- **What you should do**: Please repeat, exactly and without pictures, the lines of the entries below that run from the one containing "Exotac Camping Kit Matchcap XL 7" through the one containing "2017 FORD EXPLORER".

Caption-style text data

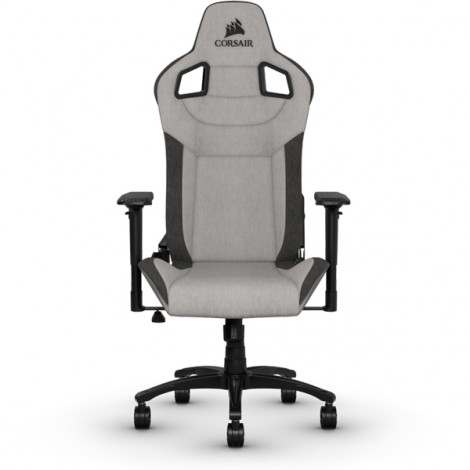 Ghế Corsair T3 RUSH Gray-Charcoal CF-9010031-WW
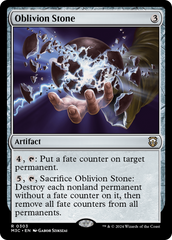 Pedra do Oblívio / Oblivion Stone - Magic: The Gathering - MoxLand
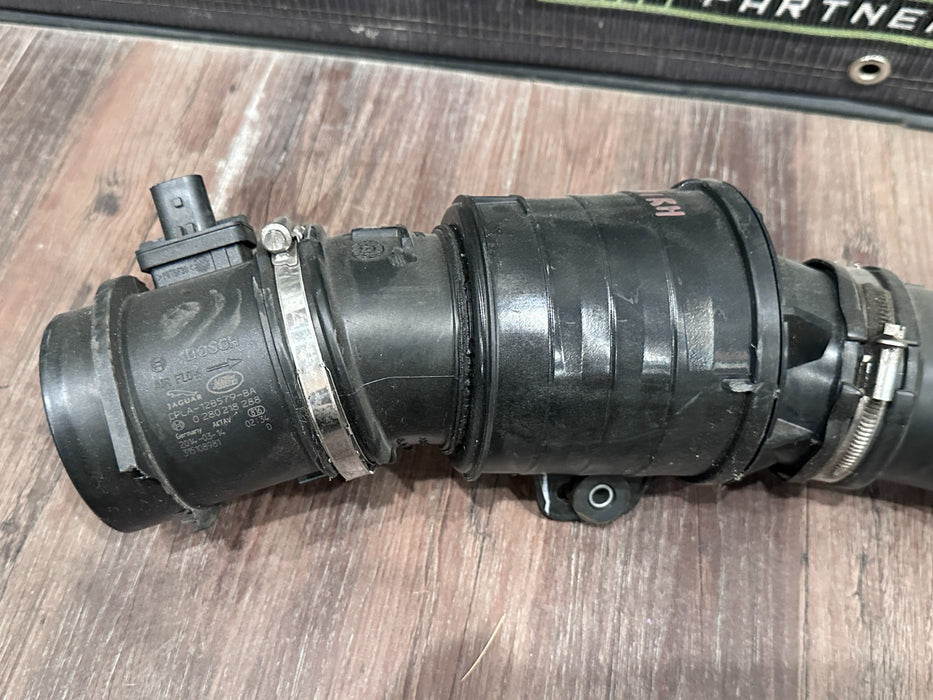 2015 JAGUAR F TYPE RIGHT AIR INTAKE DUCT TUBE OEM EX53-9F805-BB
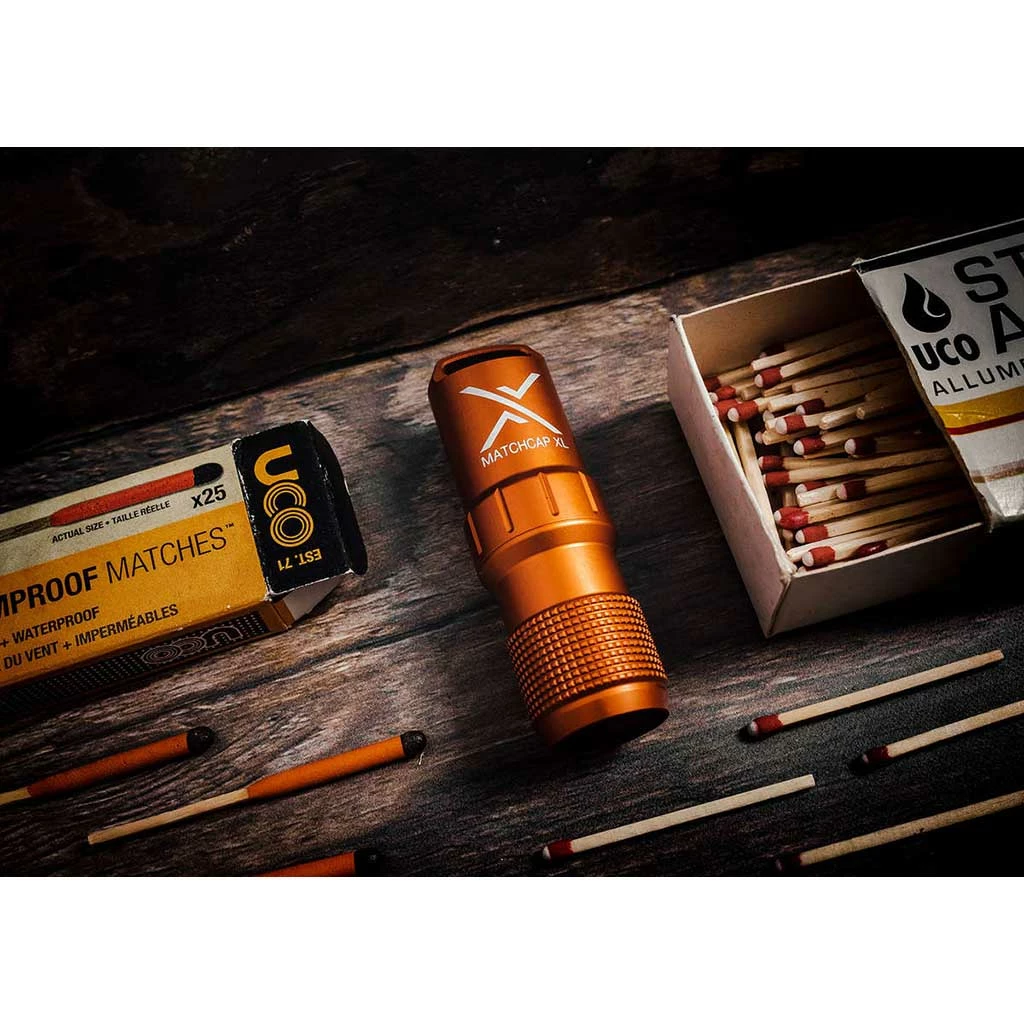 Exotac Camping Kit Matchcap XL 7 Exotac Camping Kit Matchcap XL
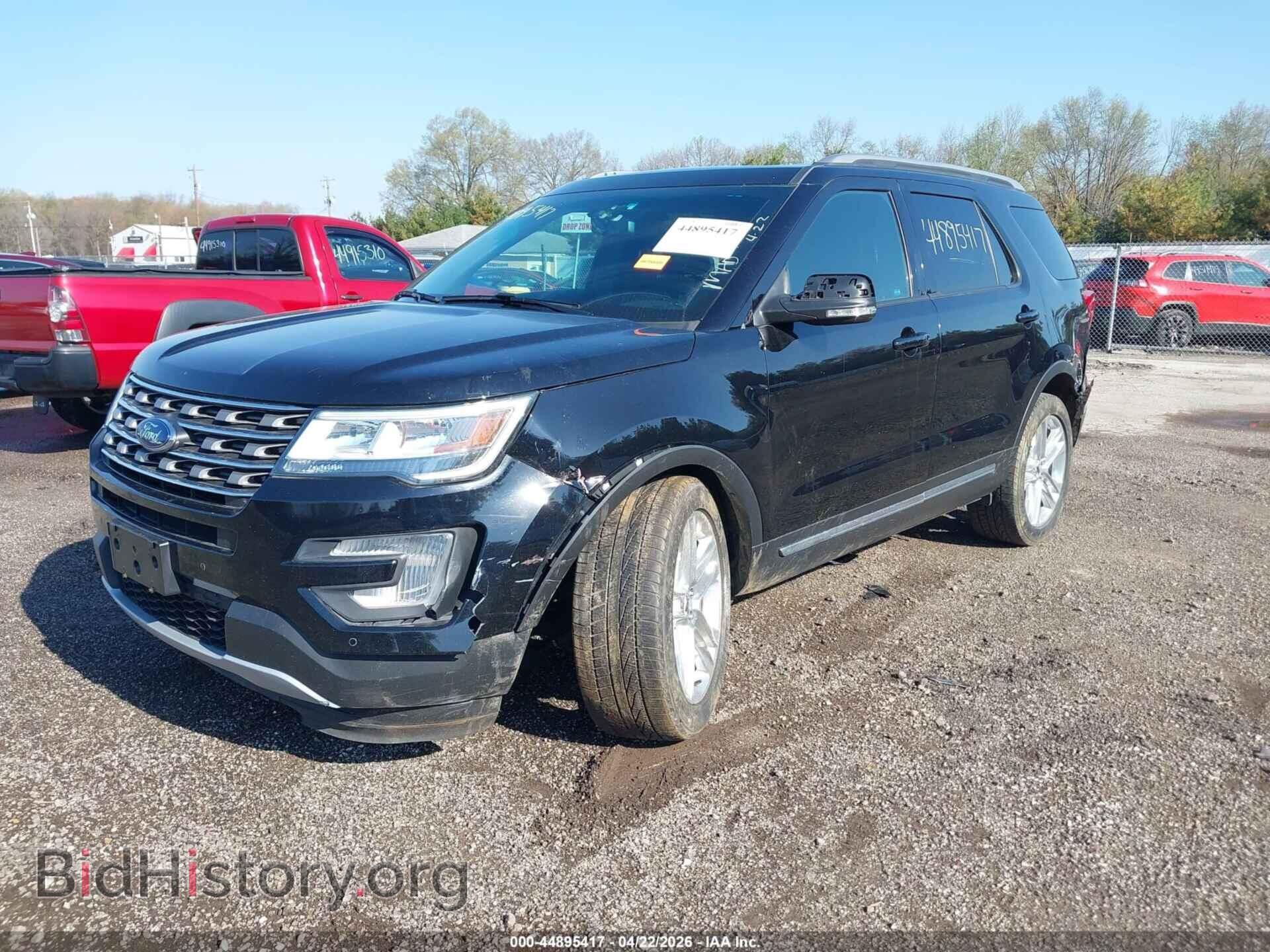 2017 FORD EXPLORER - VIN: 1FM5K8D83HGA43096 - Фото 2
...
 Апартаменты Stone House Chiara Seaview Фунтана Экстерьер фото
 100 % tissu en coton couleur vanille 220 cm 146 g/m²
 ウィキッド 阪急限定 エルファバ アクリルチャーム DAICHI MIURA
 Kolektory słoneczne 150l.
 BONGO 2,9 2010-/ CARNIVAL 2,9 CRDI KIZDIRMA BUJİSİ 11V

- **Response box**:
 Exotac Camping Kit Matchcap XL 7 Exotac Camping Kit Matchcap XL
 2017 FORD EXPLORER - VIN: 1FM5K8D83HGA43096 - Фото 2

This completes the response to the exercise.